Преклонив колени, Гус продолжал молиться и только усмехнулся, когда с его головы упала позорная бумажная корона. Кто-то из наемников, стоявших около, сказал: «Возложите ее опять ему на голову, да сожгут его вместе с чертями, хозяевами его, которым он служил здесь».
Тогда, восстав от места сего по приказу палачей, высоким и ясным голосом, так что хорошо слышен был, так стал молиться: «Господи Иисусе Христе, готов я с любовью и покорностью принять сию жестокую и ужасную смерть за светлое твое Писание и за то, что проповедовал святое слово твое; прости же, прошу, всем врагам моим!» Тотчас его вокруг стали водить, а он увещевал их и всех просил не думать, будто он проповедовал, учил или придерживался какой-либо из тех ересей, что ему ложно приписывали. Еще просил дать ему говорить с тюремщиками его. И когда они приступили к нему, он благодарил их, говоря: «Спасибо вам, мои милые братья, за все доброе, что вы мне сделали, ибо были вы не только стражами моими, но и милыми братьями. И знайте, уповаю на Спасителя своего, во имя его же святого закона, хочу с любовию смерть сию принять, что с ним буду царствовать». Так по-немецки сказал он им.

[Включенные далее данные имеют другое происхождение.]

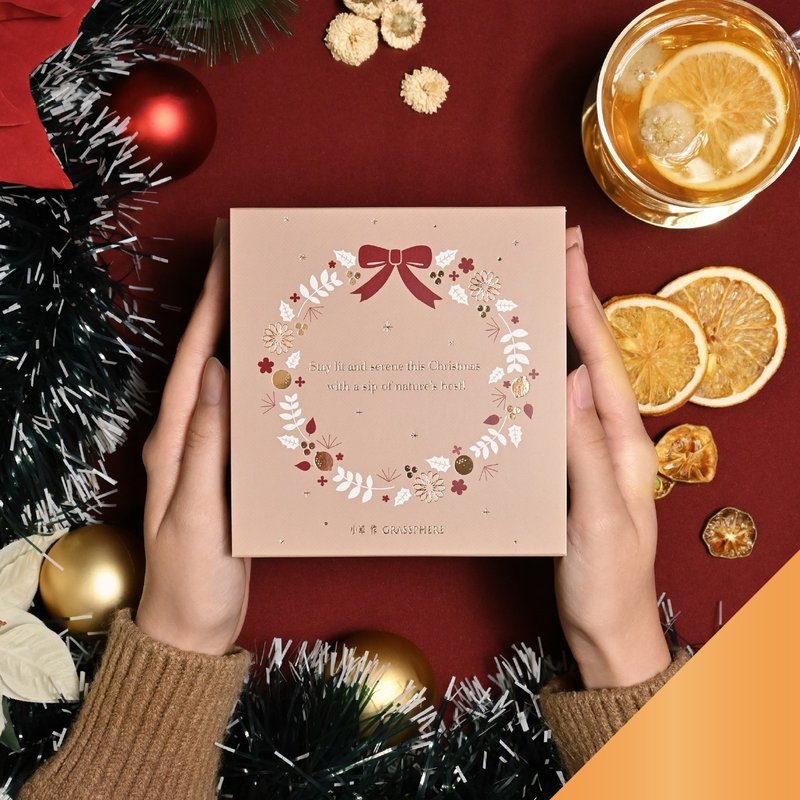 [Recommended gifts for exchange] Christmas 10-in-1 Comprehensive Tea Gift-Taiwanese Fruit Tea (comes with gift bag and photo card) - ชา - อาหารสด สีกากี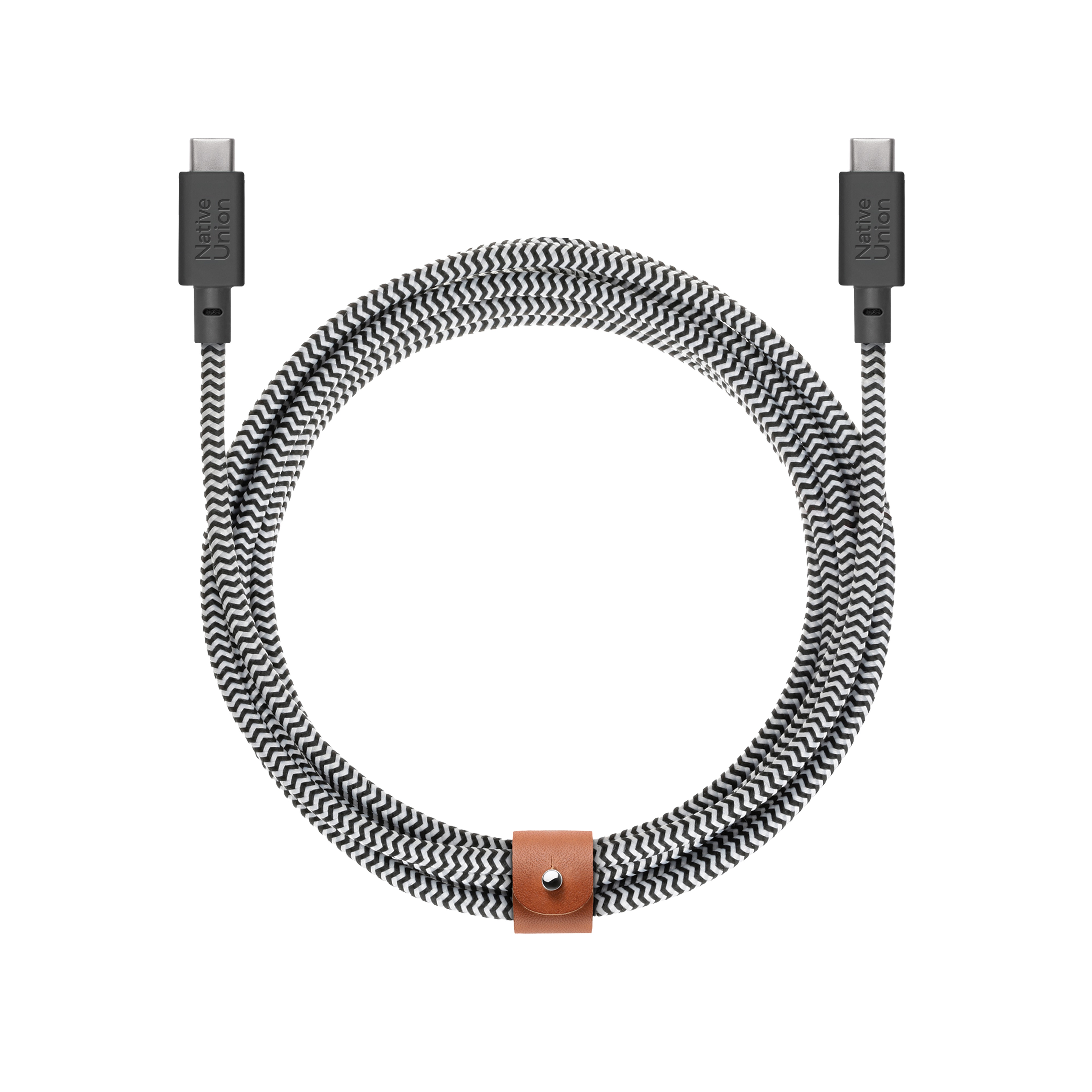 Native Union Belt Cable XL 100W - USB-C to USB-C Cable, 3 m (Zebra)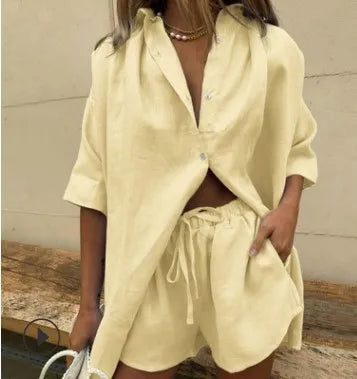 Fashion Solid Shirt Home Suits Casual Short Sleeve Tops + Drawstring Shorts Two Piece Set 2024 Summer Women Button Loose Outfit
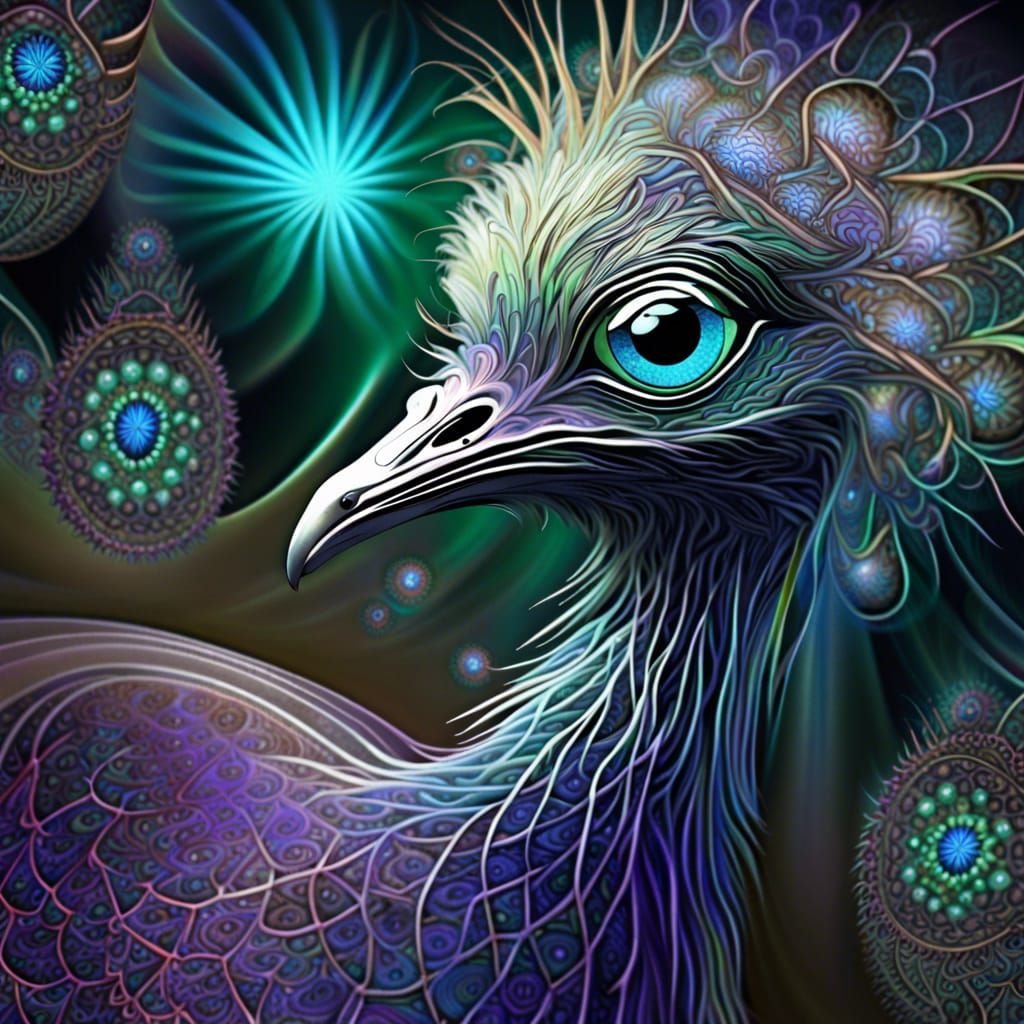 Metallic Fractal Emu with Crystal Rose: 3D Art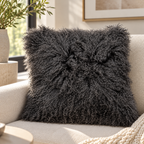 Mongolian/Tibetan Lamb Fur Pillow – 22″ × 22″ – Double-Sided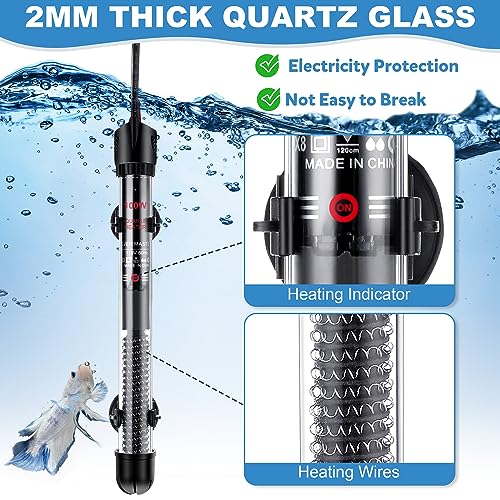 Dreyoo 2 Set 100W Submersible Aquarium Heater with 4 Thermometer Stickers | Adjustable Aquarium Fish Tank Heater with Suckers, Adjustable Knob Thermostat for Marine Saltwater and Freshwater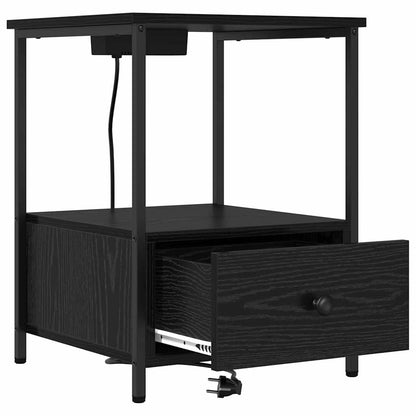 Armadio da Notte con cassetto 2 pcs Rovere Nero 42 x 41 x 56 cm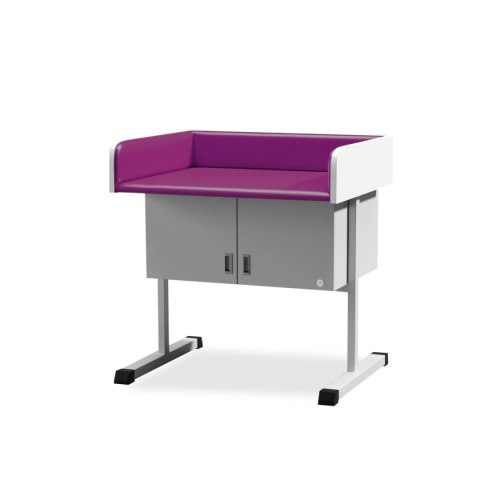 UBM SBN-S FUKSJOWY 19 Stół z szafką do badania niemowląt, boki osłonięte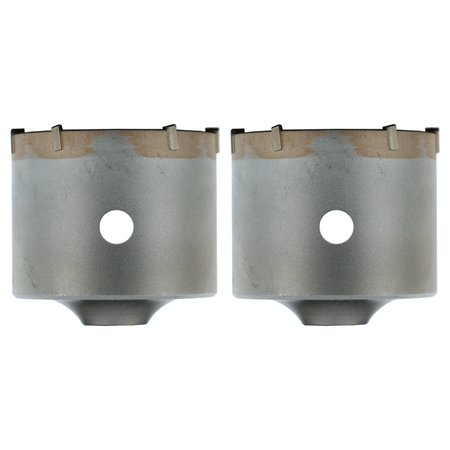 Two cylindrical carbide-tipped core bits with SDS-Plus shanks and tan cutting edges, viewed from above.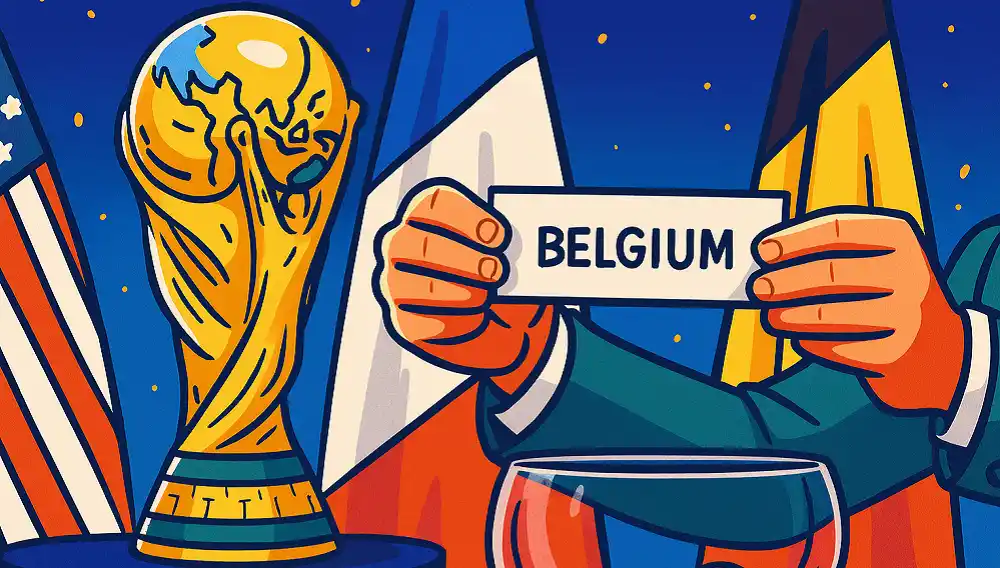 Illustration du tirage de la CDM 2026 avec la Coupe du Monde, des drapeaux en arrière plan et le carton Belgium dévoilé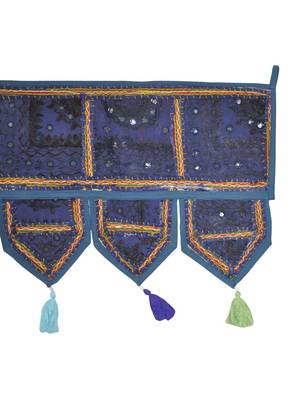 Lalhaveli Traditional Patchwork Mirror Work Cotton Door Hanging 42 By 16 Inch... 4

Тогда, сняв с него черный кафтан и оставив в одной рубашке, привязали его руками назад к какому-то толстому просверленному колу, стянули веревками в шести или семи местах: в первом – у щиколоток, во втором – под коленями, в третьем – над коленями, в четвертом – над чреслами, в пятом – у поясницы, в шестом – у пояса, в седьмом – под мышками, а руки связали сзади; кол же, с одного конца заостривши, в этот луг, в землю воткнули. И когда лицом его к восходу солнца обратили, некоторые из стоявших около сказали: «Поверните его лицом к западу, а не на восток, ибо он еретик!» И сделали так. Затем за шею привязали его к колу какой-то черной, сажею покрытой цепью, на ней бедняк один котелок свой над огнем вешал. А под ноги ему две вязанки дров положили. На ногах же еще были у него башмаки его и оковы. Тогда вокруг него со всех сторон уложили вязанки дров вперемежку с соломой, до самого живота и по самое горло.